Part 1: The Beginning, The Mixtape, Soundcloud

Some people first heard about Rootfire when they saw the logo on a t-shirt. Others heard about it from a mixtape.

In reality, Rootfire started out of fear and hesitation. Literally. I wanted to find a company to work for that did what I hoped Rootfire would eventually do, and I could not find one. My father-in-law said I should just start my own company. For months I resisted, but email is tricky and unless you use your personal Gmail, you want an email address that you can use that represents the type of work you do. At that time I was a band manager, and I thought [email protected] would work just fine for that. So I settled on the name (named after Bedouin Soundclash’s first album “Root Fire”.  Andy came up with a logo, I printed it on some shirts, and all the while it felt like what we were doing would be an uphill struggle to ever get noticed. Starting a band or any business must feel the same way.


Barnaby Weir of The Black Seeds, wearing the very first Rootfire shirt.

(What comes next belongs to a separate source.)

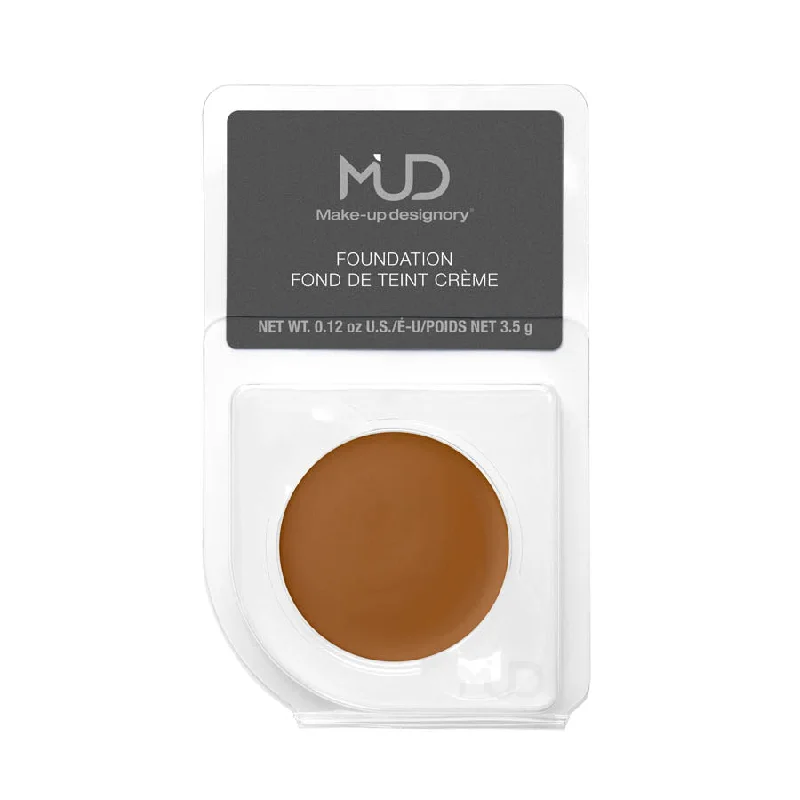 Liquid foundation with UV protection-GY 2 Cream Foundation Refill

At the same time, a student from India named Arnab was studying in Berlin. Arnab went to see The Black Seeds while the band was on tour in Europe. Barnaby Weir took the stage that night wearing a Rootfire shirt that I had given him in NYC earlier that summer. Arnab liked the shirt, googled “Rootfire,” and sent me an email asking if he could buy one. That lead to the honor system tshirt mailings, CD-Redistribution network, and  Mixtape 001  which featured one of Barnaby’s songs on it. The mixtapes had the fastest / widest impact and went on to change everything. They connected me with Alific and together we started collaborating. Alific was the musician, the producer, and an audio alchemist. I was the harvester, collector, archivist, and I began to understand keys and bpms and started mashing things up in the rawest of ways. Alific listened, refined, added, and like a craftsman built the mixes into something that resonated deeply with a lot of people.

We posted our first collaborative mixtape “Rootfire Mixtape 003” and it started to get plays. Along the way someone at Soundcloud must have noticed, because by the time Mixtape 005 came out months later we were being featured. That lead to a lot of exposure including millions of followers.

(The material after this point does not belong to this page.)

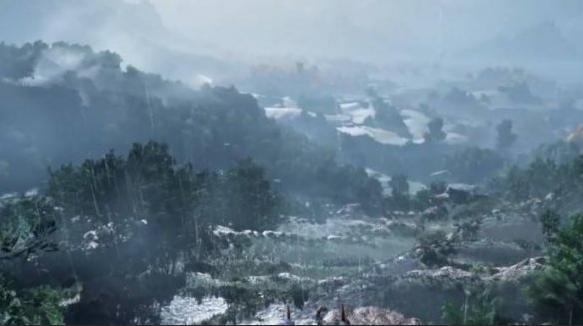 燕云十六声滹沱地图开启方法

The mixtapes are made up of other people’s songs; layered, mashed, and sometimes sped up, or slowed down. We often add audio from interviews, phone calls, and videos. So far no one has said we are doing anything wrong, but once in awhile the mixtape can’t live on Soundcloud because of automatic copyright detection. If you ever wondered why a few mixes are not on there, that’s why.

Part 2: Premieres

Like I said, the mixtapes were being noticed and listened to. Our Soundcloud account started going bananas with people following Rootfire. We realized that this could become our “mini radio station,” blasting the songs we loved to the masses. We wanted to create a bubble in the genre of reggae, so the kind of reggae we loved the most would get more popular, and influence other musicians when they created music, and other fans when they listened.

New Kingston - our first premiere. Jan 2015

New Kingston – our first premiere. Jan 2015

This created an opportunity, and in January 2015 we began to ask bands if we could premiere their songs on Rootfire. Many of them said yes, including Grammy Award winning reggae artists, as well as Swedish folk/dub musicians. We began writing more articles, started the email list that you are likely reading this message on, and all the while, we continued developing deeper relationships with publicists, musicians, managers, and labels.  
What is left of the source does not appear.